Le futur dépend de notre capacité à décentraliser

Voici une carte de France qui me fait réagir et met en lumière, à mon sens, des éléments importants de notre fonctionnement national qui cause plus de difficultés et de dommages qu’il n’en résout. En tout cas c’est mon approche des choses et je ne prétends pas détenir la vérité. J’observe simplement cette situation, et ma vision et réflexion de non expert relève certaines anomalies.

centralisation

Ce qui est présenté ci-dessus est à l’échelle nationale, pourtant certains aspects peuvent se confondre avec une évaluation mondiale de la gestion et la répartition des efforts.

Je ne peux pas évoquer ni imaginer tous les différents sujets impactés par cette répartition de la population et cette productivité par région, je serais d’ailleurs bien prétentieux de prétendre pouvoir le faire, mais je vais présenter plusieurs points qui me parlent personnellement et d’après quelques constats:

  1. Environnement et bio-activité: peut mieux faire

  2. Economie locale: la faillite de la proximité

  3. Logements: manque d’un côté et désertification de l’autre

  4. Santé: sous-dimensionnement et financement

1) Environnement et bio-activité: peut mieux faire

Alors que l’environnement doit être une priorité absolue, nous peinons beaucoup à favoriser le circuit-court.

Def. wikipedia: Circuit-court= circuit de distribution dans lequel intervient au maximum un intermédiaire entre le producteur et le consommateur.

Parlons tout d’abord pollution globale: à méthode de production semblable, il est clair qu’un pays dans lequel les lieux de production de toute la nourriture fournie à la population sont au contact direct de cette même population engendrera le moins de pollution. D’où l’intérêt d’avoir une production agricole développée sur l’ensemble du territoire.

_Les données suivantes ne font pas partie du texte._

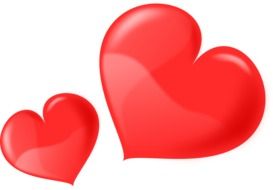 two red hearts of different sizes on a white background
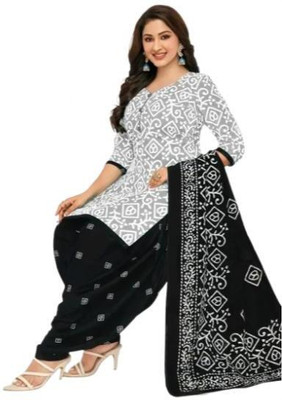 EverEthnic Cotton Blend Printed Salwar Suit Material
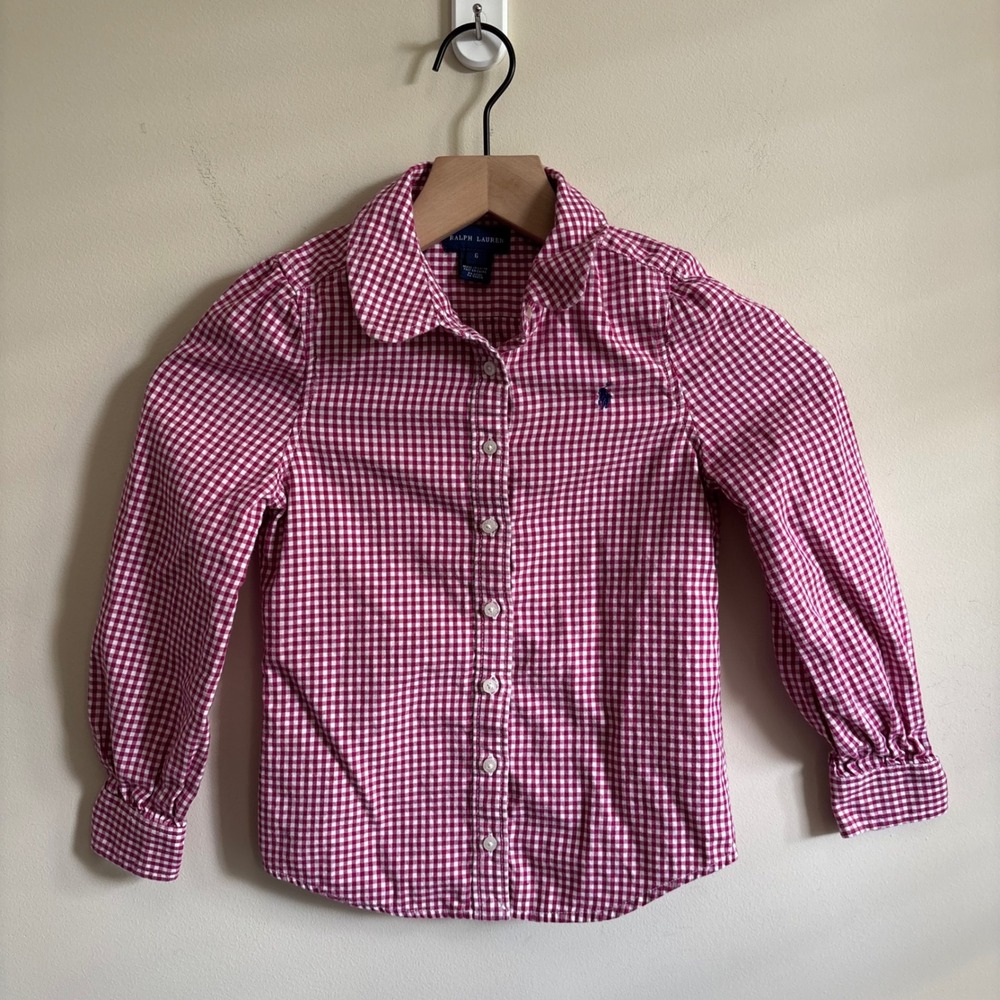 Ralph Lauren Pink/Reddish Gingham Button Down Shirt Peter Pan Collar Size 6
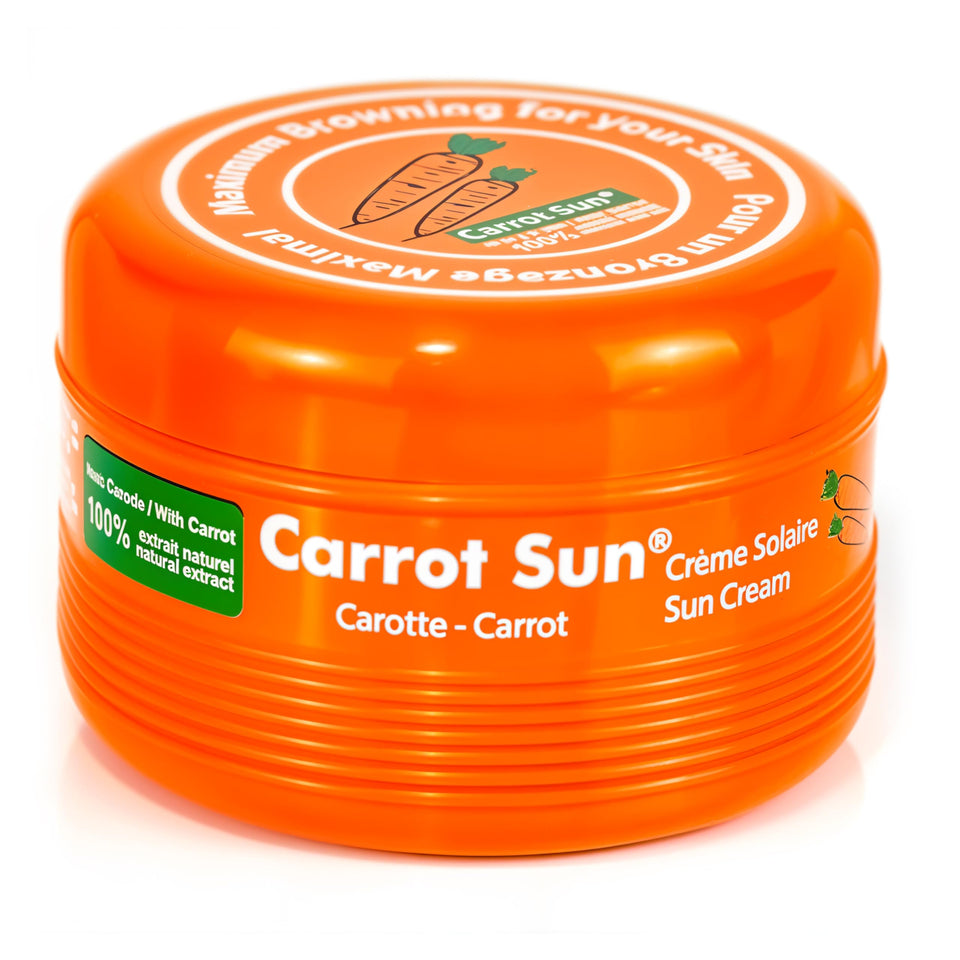 Carrot Sun front packaging showing 350ml bottle and orange gel benefit quick results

Or qu’engendre la répartition de population figurant sur la carte de France ci-dessus?:

l’utilisation de transports et intermédiaires dans la chaîne de distribution, cette dernière devenant alors tout sauf du circuit-court! Nous, consommateurs et citoyens, sommes perdants sur les prix et sur la pollution engendrée. Un article intéressant ICI

Reparlons de pollution maintenant; je me pose la question de ce qui vaut mieux pour l’atmosphère: à pollution globale égale (qui est évidemment trop importante), vaut-il mieux plusieurs zones bien précises où la pollution est tellement importante que sont mises en place des mesures (source Airparif en Ile-de-france) si drastiques qu’elles engendrent des décisions comme par exemple l’interdiction à la moitié des véhicules de circuler certains jours; ou alors une production de gaz à effet de serre plus diffuse et répartie sur une surface plus grande? Mon intuition me dit que l’absorption des gaz est plus efficace si le volume d’air de « prise en charge » est plus grand…

Nous reviendrons sur l’aspect environnemental plus loin, puisqu’il est en lien avec d’autres points.

Maintenant, parlons d’un sujet en vogue actuellement: le bio!

Je suis partisan du développement de l’activité bio qui consiste à produire des produits alimentaires plus sains et en particulier pour nos enfants. J’encourage d’ailleurs le développement de la part de bio dans les cantines scolaires par exemple. Néanmoins, n’est-ce pas légèrement contradictoire d’avoir à produire du bio, mais faute de ne pouvoir le faire à proximité, d’avoir à importer ces produits et qu’ils fassent des centaines, voire des milliers de kilomètres depuis la France ou même de l’étranger?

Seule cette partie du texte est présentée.